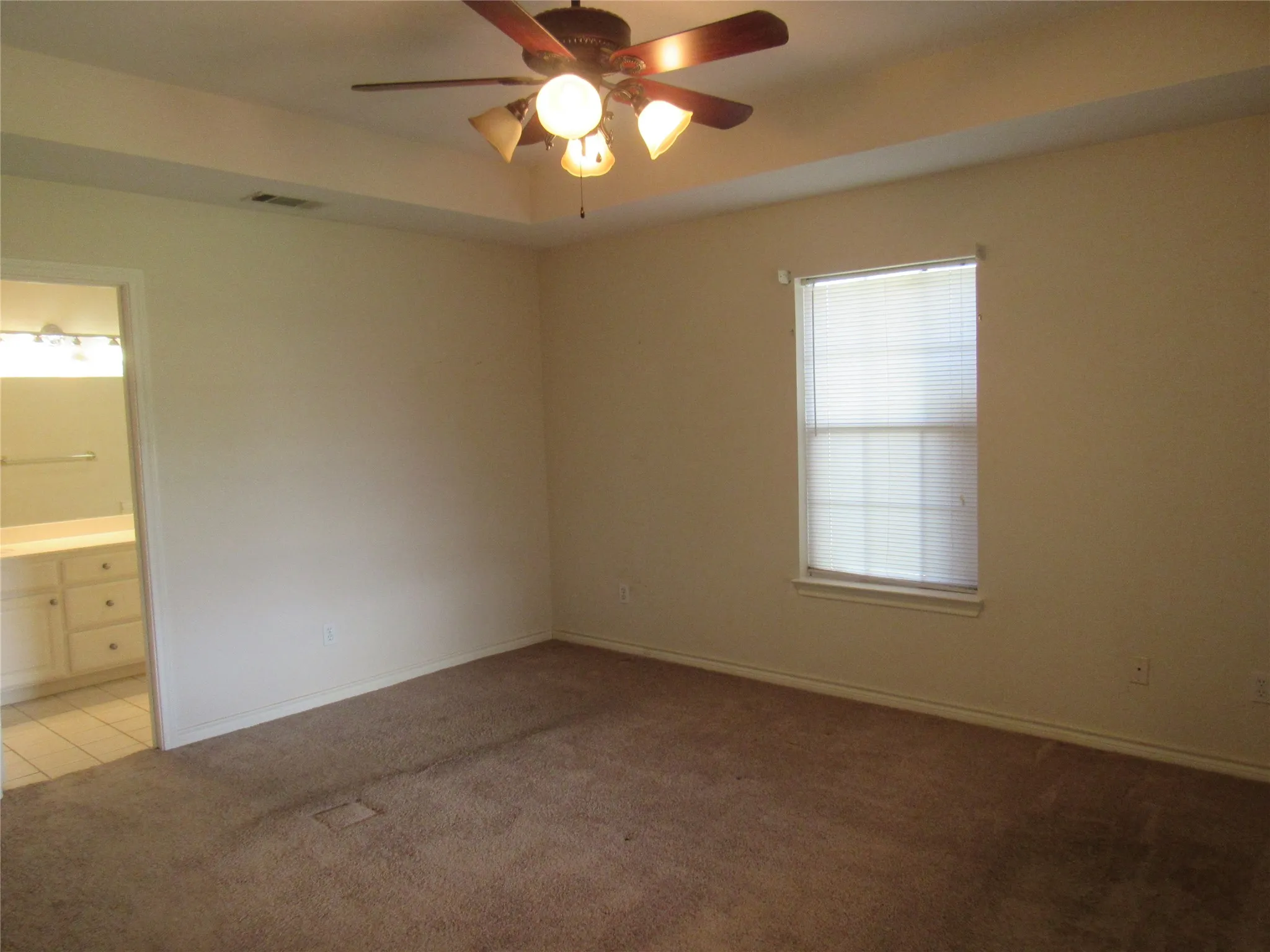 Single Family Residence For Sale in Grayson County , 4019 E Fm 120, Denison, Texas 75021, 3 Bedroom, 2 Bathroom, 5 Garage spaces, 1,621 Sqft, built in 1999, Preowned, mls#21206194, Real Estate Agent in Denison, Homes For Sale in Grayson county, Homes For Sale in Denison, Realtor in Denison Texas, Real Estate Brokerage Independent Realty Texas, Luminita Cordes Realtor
※ ※ ※
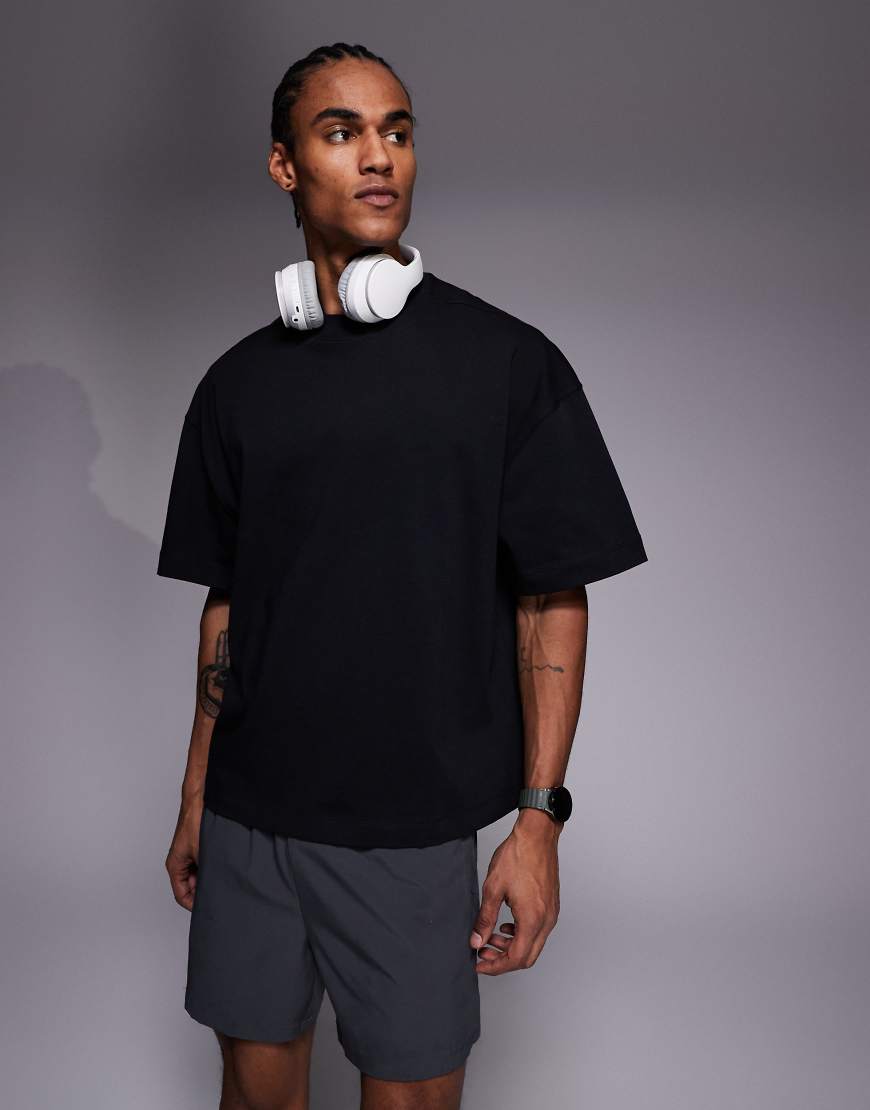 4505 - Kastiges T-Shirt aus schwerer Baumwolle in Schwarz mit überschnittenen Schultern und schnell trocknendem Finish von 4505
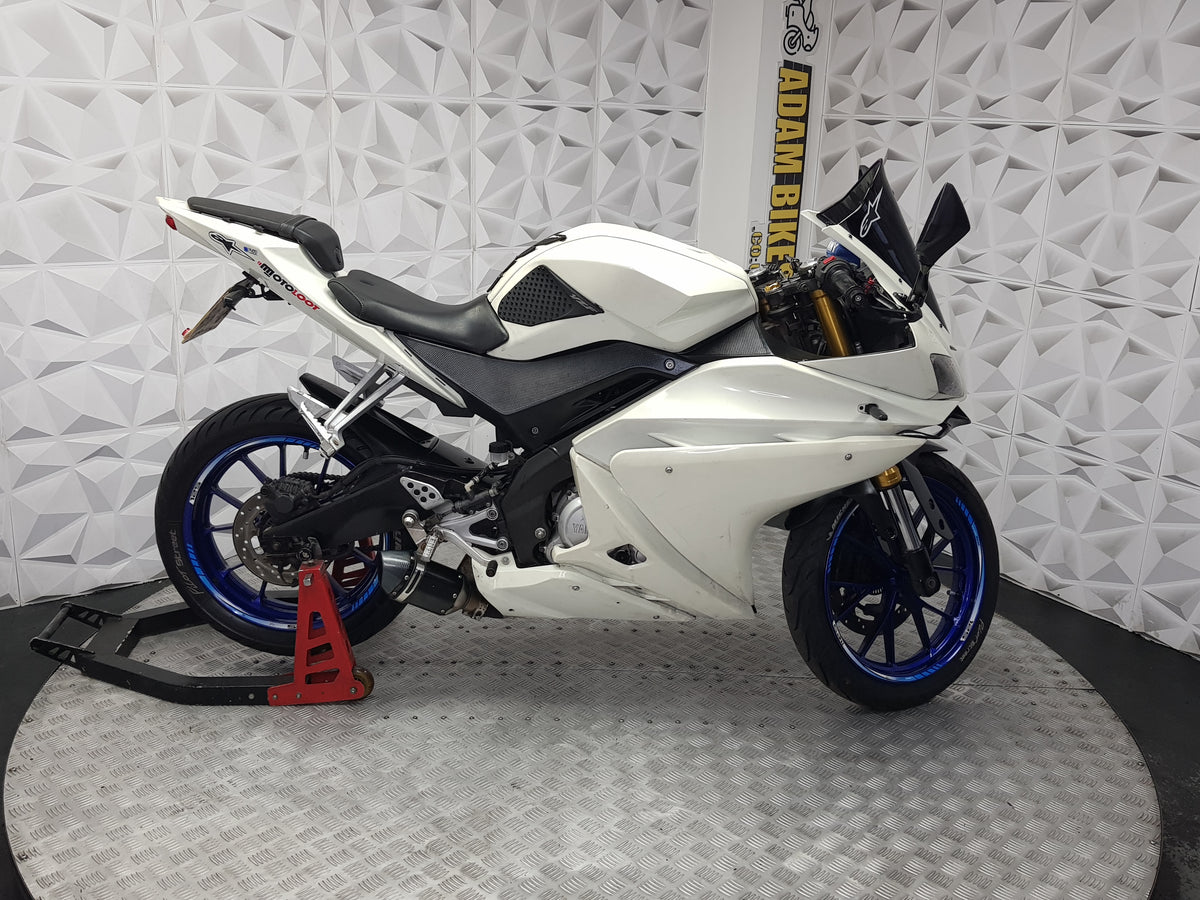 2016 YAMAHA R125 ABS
※ ※ ※
**Brief:** An exact copy is needed of the stretch above that opens with the line containing "4505 - Kastiges" and closes with the line containing "2016 YAMAHA R125 ABS"; the pictures are not part of it.

**Written reply:**
 4505 - Kastiges T-Shirt aus schwerer Baumwolle in Schwarz mit überschnittenen Schultern und schnell trocknendem Finish von 4505
 2016 YAMAHA R125 ABS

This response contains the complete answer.